OpenMP untied task and taskyield does not work as expected

Geiser__Georg · ‎12-08-2017

Hi,

I tried to implement untied OpenMP tasks that yield when a modeled idle time due to synchronization is encountered. The code is available at stack overflow: https://stackoverflow.com/questions/47658571/how-to-yield-resume-openmp-untied-tasks-correctly

It turns out that icc 18.0.1 supports yielding for non-master threads, icc 17.0.4 did not. However, tasks still seem to be tied, since the allocated thread always resumes its suspended tasks. There is no task migration! Furthermore, I noticed that tied tasks, i.e. when you remove the "untied" option from the code, do not yield at all, but I think they should.
Actually, I would expect the "tied" code to behave exactly like the given "untied" one does with the present compiler. The expected "untied" behavior cannot be achieved.

Are there any restrictions in the OpenMP runtime? Where are they documented? Or is this a bug?

Best regards

Georg Geiser

Andrey_C_Intel1 · ‎12-11-2017

Couple of points worth mentioning:

1. This is not a bug because OpenMP standard defines the behavior you expect as an optimization, not as requirement.

2. To make an experiment you can try clang compiler, where untied tasks were "properly" implemented from the beginning, and recently untied tasks were excluded from task scheduling constraint (TSC) in the OpenMP runtime library. Without this change a thread usually cannot steal untied task from other thread because of TSC, thus it looks like no yielding occur. Unfortunately, this code hasn't been released yet, it will be present in coming clang 6.0 release. For now it is possible to get OpenMP runtime library from LLVM trunk for experiments with already released clang compiler.

3. The implementation of untied tasks cannot be done in runtime library only, because only compiler can split untied task in parts (as it is user's code that needs to be split). AFAIK, Intel compiler still misses the needed code generation (I guess because of lack of demand for this feature), so you are welcome to submit the request for this to be implemented trough compiler support channel (the more people request the feature the sooner it should be implemented :).

Regards,
Andrey

Geiser__Georg · ‎12-11-2017

Ok, I will give the recent clang compiler a try.

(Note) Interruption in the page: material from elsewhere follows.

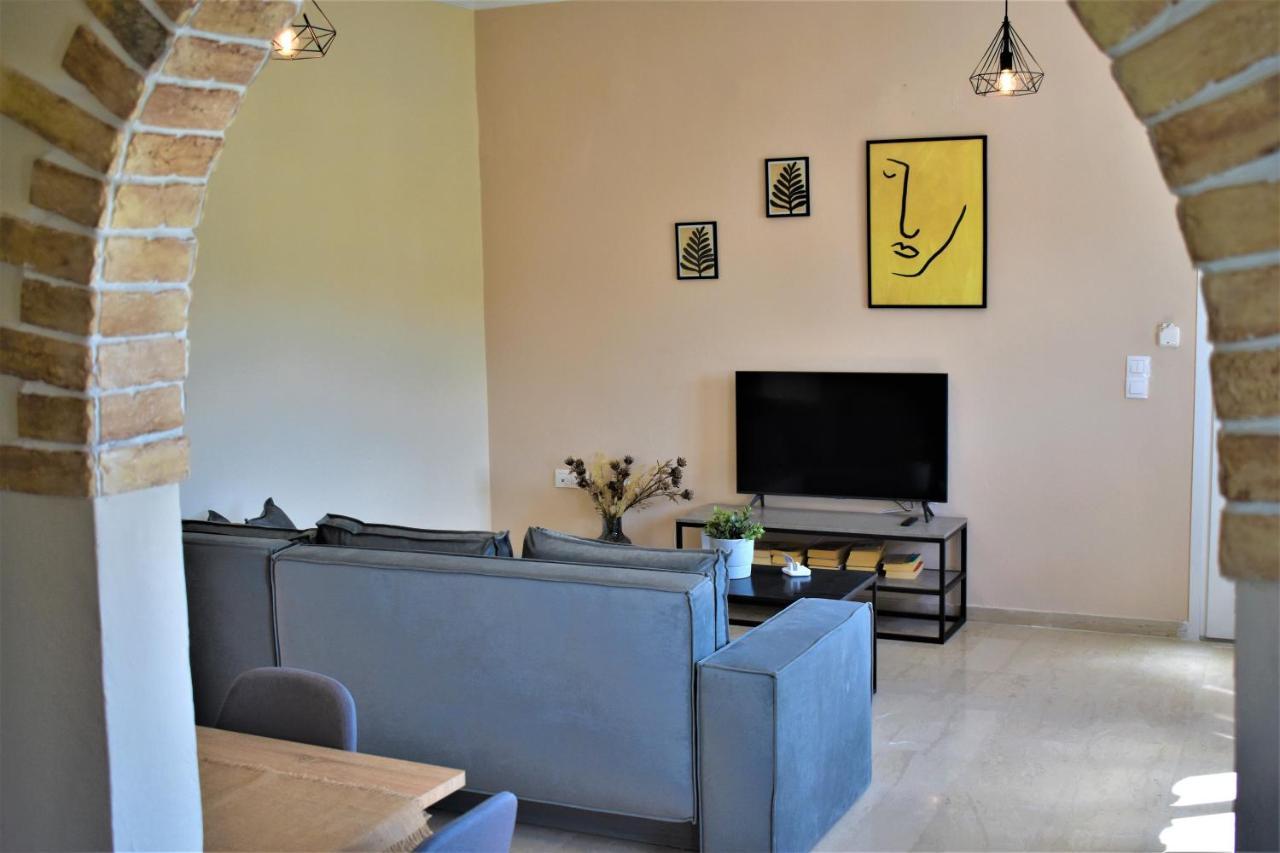 Christina'S Apartment コントカリ エクステリア 写真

However, I still think that icc should support yiedling for tied tasks. If you remove the untied option, there will be no yielding at all. There is no restriction of taskyield to untied tasks in the OpenMP standard. You could easily write a code that runs into deadlock, but is totally standard conforming.
Stealing tasks is a different thing and I can imagine that is non-trivial to implement. However, I think this has great potential for heavily disbalanced workloads when taskyield is used to make use of idle times when e.g. waiting for communicated data. So, I will contact compiler support to ask for this feature.

Best regards,

Georg

Andrey_C_Intel1 · ‎12-11-2017

Geiser, Georg wrote:

However, I still think that icc should support yiedling for tied tasks. If you remove the untied option, there will be no yielding at all. There is no restriction of taskyield to untied tasks in the OpenMP standard. You could easily write a code that runs into deadlock, but is totally standard conforming.

Stealing tasks is a different thing ...

The yielding should always work, e.g. if a thread encounters taskyied construct it interrupts current task and looks for other task to execute, either self-generated or tries to steal from other thread. If it finds a task allowed to execute by TSC then the thread will run it, and then return to the postponed task to continue its execution. Fresh Intel compilers (17.0 update 5, or 18.0 update 1) have untied tasks excluded from TSC check (earlier compilers treat tied and untied tasks equally), so if there are untied tasks available the thread should pick them for execution before continuing the postponed task.

If a thread fails to find any task to execute, then it continues the postponed task, and this can be observed as "no yielding", but the yielding actually happens always.

Regards,
Andrey

jimdempseyatthecove · ‎12-11-2017

>> However, I think this has great potential for heavily disbalanced workloads when taskyield is used to make use of idle times when e.g. waiting for communicated data.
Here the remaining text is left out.